------ Information shown

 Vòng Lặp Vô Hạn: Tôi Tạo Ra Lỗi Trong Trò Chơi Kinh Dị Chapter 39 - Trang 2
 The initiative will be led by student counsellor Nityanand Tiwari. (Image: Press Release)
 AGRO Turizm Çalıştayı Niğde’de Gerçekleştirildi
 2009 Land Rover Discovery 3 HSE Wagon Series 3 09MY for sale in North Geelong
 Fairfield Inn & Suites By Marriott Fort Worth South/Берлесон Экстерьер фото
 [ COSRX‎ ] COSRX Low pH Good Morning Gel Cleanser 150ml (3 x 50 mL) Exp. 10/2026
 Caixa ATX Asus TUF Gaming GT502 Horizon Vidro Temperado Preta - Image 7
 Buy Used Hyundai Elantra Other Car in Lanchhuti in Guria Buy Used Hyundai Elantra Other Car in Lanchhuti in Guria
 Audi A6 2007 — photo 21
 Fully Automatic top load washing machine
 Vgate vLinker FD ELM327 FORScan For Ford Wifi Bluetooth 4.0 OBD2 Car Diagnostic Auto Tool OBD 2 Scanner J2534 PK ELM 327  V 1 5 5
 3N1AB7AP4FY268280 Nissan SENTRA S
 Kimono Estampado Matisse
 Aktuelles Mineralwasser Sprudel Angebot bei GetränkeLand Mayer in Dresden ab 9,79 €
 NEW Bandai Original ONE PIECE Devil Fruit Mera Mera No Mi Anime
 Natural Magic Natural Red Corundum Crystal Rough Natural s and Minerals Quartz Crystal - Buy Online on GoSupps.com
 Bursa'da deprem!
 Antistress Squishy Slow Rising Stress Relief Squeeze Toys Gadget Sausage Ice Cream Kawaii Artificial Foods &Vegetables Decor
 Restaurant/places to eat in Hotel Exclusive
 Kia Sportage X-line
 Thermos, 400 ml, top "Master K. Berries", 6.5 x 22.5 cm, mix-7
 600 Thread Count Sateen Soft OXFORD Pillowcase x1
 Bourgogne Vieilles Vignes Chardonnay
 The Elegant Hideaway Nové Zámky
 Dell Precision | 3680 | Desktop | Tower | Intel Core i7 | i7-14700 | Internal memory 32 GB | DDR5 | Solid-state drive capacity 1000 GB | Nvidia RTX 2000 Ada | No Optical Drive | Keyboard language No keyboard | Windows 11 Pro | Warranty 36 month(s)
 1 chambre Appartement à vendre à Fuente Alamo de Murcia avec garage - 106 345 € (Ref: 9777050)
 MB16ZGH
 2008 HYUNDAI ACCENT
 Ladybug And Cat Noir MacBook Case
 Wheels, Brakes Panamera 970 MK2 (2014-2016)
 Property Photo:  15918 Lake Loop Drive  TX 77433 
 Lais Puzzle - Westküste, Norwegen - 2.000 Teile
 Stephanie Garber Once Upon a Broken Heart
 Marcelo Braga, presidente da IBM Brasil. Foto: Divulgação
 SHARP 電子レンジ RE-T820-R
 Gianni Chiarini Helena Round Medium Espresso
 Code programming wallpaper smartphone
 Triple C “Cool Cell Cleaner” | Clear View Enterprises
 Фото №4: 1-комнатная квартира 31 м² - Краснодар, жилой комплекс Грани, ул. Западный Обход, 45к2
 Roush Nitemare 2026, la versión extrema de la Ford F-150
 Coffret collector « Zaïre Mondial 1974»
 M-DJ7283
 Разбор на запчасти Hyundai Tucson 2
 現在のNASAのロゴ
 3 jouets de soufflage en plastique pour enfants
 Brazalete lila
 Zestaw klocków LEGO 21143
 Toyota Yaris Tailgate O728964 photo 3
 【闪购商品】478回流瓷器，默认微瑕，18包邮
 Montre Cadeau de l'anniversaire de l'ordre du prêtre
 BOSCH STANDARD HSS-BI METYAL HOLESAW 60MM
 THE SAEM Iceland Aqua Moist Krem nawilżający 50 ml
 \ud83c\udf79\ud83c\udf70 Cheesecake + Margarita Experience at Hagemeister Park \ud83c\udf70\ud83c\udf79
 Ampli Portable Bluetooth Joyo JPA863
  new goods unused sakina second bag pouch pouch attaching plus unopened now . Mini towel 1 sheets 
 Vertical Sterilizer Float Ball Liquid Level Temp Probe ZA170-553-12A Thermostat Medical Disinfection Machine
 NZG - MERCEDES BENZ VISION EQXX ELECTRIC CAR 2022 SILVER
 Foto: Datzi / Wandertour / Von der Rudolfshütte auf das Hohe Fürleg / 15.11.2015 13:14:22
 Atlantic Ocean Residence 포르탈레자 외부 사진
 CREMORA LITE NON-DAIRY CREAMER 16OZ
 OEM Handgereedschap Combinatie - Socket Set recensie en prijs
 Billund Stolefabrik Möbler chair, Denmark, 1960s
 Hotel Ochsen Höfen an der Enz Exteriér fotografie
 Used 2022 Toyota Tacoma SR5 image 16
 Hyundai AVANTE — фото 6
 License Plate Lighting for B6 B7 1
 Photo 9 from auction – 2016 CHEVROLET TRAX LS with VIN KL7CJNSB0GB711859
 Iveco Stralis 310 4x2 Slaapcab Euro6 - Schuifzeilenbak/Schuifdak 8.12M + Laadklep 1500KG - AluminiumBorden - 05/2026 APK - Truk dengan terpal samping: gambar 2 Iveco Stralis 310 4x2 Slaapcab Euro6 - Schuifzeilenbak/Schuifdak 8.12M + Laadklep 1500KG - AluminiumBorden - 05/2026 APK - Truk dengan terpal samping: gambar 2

------------

● **The problem**:
Look through the entries above, find each line containing "Hotel", and copy it.

● **Result**:
 Restaurant/places to eat in Hotel Exclusive
 Hotel Ochsen Höfen an der Enz Exteriér fotografie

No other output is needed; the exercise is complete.